Das Spannungsgeladene, Entdeckenswerte, nicht bereits hundert Mal Gehörte fand sich meist neben den ausgetretenen Pfaden, man kann nur allen Künstlern und (Kleinst-)Labels dankbar sein, dass sie ihrer Musik eine Chance gaben und trotz trüber kommerzieller Aussichten in Zeiten der Downloads und Streaming-Dienste weder finanzielle Risiken noch Mühen scheuten, um ihre individuellen musikalischen Visionen auf den Weg zu bringen.
Herzlichen Dank allen, die hier regelmäßig oder sporadisch mitgelesen, reingehört, in den Kommentaren Feedback gegeben, angemerkt, kritisiert, widersprochen oder ergänzt haben.
2018 steht vor der Tür und drückt massiv rein. Möge es ein gutes Jahr werden, hoffentlich ein weitaus besseres als das vergangene, in vielerlei Hinsicht.
Rutscht gut rüber. Und bleibt vor allem gesund. Nothing else matters.
Platte des Jahres. Die Sturmvögel aus Paris präsentieren mit Gästen aus dem Nahen Osten eine der gelungensten Crossover-Arbeiten aus dem weiten Feld der experimentellen Rock-Musik. Auch live vor kurzem schwerst beeindruckend.
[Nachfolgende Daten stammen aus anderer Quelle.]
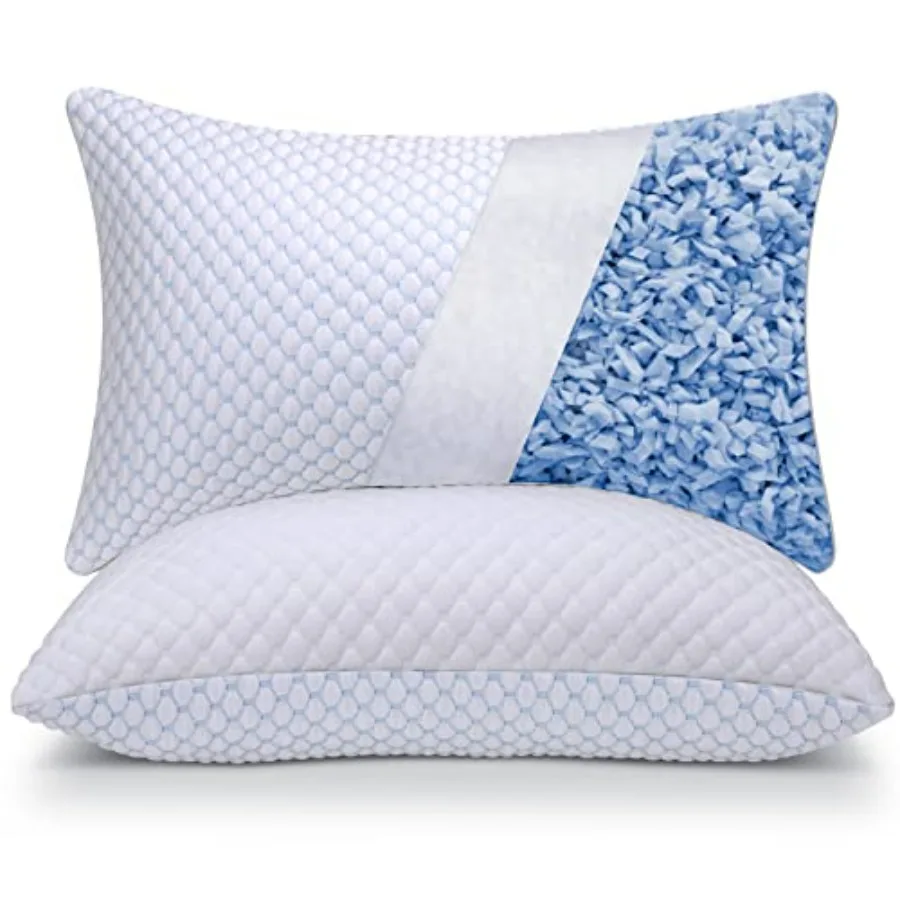 Cooling Adjustable Shredded Memory Foam Pillows Queen Size Set of 2 - Temperature-Regulating for All Sleepers with Dual Airflow
Cooling Adjustable Shredded Memory Foam Pillows Queen Size Set of 2 - Temperature-Regulating for All Sleepers with Dual Airflow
Instrumentale Wundertüte, dominiert von Crossover, Jazz, Metal – vor allem Hörer_Innen ans Herz gelegt, die ansonsten bei Crossover, Jazz und Metal rückwärts frühstücken…
Volker Bertelmann mit herausragendem Experiment im Grenzbereich Minmal Music, Ambient und Electronica, wer hätte anderes als Meisterliches von ihm erwartet?
Das Country-Blues-Album des Jahres von einem der Fleißigsten seines Fachs. Wermutstropfen: Mit dem geplanten Raut-Oak-Fest-Auftritt 2018 wird’s wohl nix werden…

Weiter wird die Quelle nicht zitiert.